Catching Just-in-Time Tests (JiTTests): A Guide for Agentic Development

21 March 2026 by

Suraj Barman

Catching Just-in-Time Tests (JiTTests)

Just-in-Time Tests (JiTTests) are automatically created by large language models at the moment a code change is introduced, providing immediate regression detection without the need for static test suites. This approach aligns with the rapid pace of agentic software development, reducing maintenance overhead and focusing engineering effort on genuine defects rather than test upkeep.

What Are JiTTests?

Just-in-Time Tests are bespoke test cases generated in real time when a developer submits a change. Unlike traditional test suites that exist long before a change lands, JiTTests are produced by a large language model that analyses the diff, predicts possible failure points, and writes assertions that target the altered logic. The result is a set of focused checks that run immediately, catching regressions before they reach production.

Why Traditional Testing Struggles with Agentic Development

Conventional testing relies on manually authored test files that must be updated whenever the code evolves. In an environment where code is produced by autonomous agents, the frequency of changes outpaces the capacity to keep test suites current. This mismatch leads to stale tests, missed edge cases, and a growing number of false alerts that waste developer time.
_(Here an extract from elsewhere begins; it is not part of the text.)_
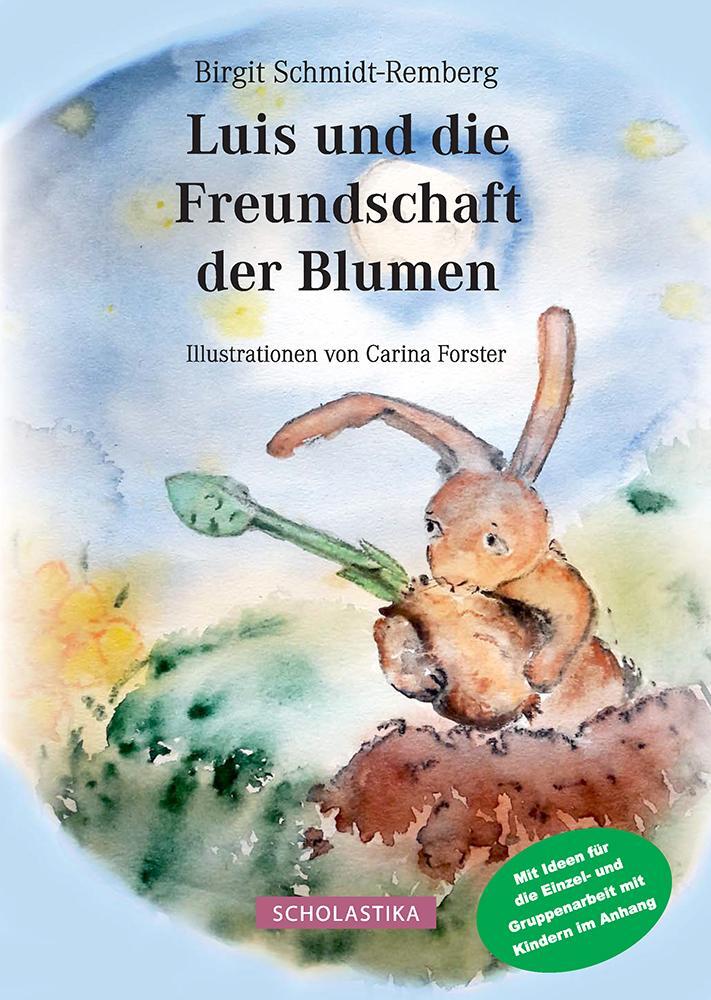 Cover: 9783947233199 | Luis und die Freundschaft der Blumen | Birgit Schmidt-Remberg | Buch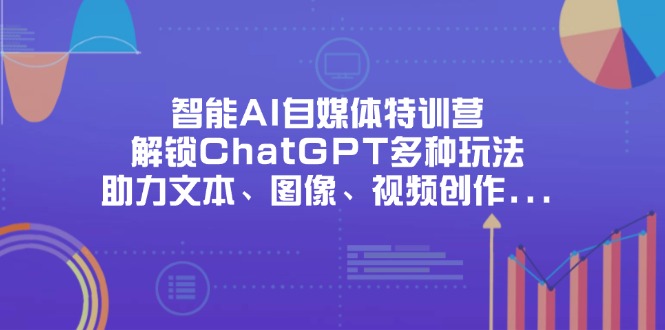 （14245期）智能AI自媒体特训营，解锁ChatGPT多种玩法，助力文本、图像、视频创作…-星舰联盟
Core Mechanics of Catching JiTTests

The process begins with the version‑control system emitting a change set. A large language model consumes the diff, identifies the public interface affected, and synthesizes assertions that verify input‑output relationships, state transitions, and error handling. These generated tests are then injected into the build pipeline, executed alongside existing checks, and any failure is reported as a potential regression.
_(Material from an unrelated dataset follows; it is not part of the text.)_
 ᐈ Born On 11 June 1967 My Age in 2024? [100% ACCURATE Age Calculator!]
Generating Tests with Large Language Models

LLMs are trained on vast code corpora, giving them an understanding of common patterns, libraries, and idioms. When presented with a specific change, the model predicts likely failure modes based on historical data and language semantics. The generated test code follows the project's language conventions, includes descriptive names, and avoids reliance on external mocks unless required.
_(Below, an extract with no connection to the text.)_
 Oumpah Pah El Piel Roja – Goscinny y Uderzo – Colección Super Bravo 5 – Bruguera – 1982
Managing False Positives and Test Signal Value

To keep the signal‑to‑noise ratio high, JiTTests employ heuristics that prioritize high‑impact failures. Tests that target critical paths, security‑sensitive functions, or performance hotspots receive higher weight. Additionally, the system tracks the historical accuracy of generated tests, adjusting confidence thresholds to reduce spurious alerts.

Integration into CI/CD Pipelines

JiTTests are designed to fit naturally into continuous integration workflows. After a pull request is opened, the pipeline triggers the LLM‑driven test generation step, runs the new tests, and reports results in the same interface developers already use. Because the tests are transient, they do not persist in the repository, eliminating long‑term maintenance burdens.

Best Practices for Engineers

Engineers should treat JiTTests as an early warning system, not a replacement for well‑crafted unit or integration suites. Review any failing JiTTest to confirm the underlying issue, then address the bug in the code. Over time, patterns observed in generated tests can guide the creation of permanent tests for especially fragile components.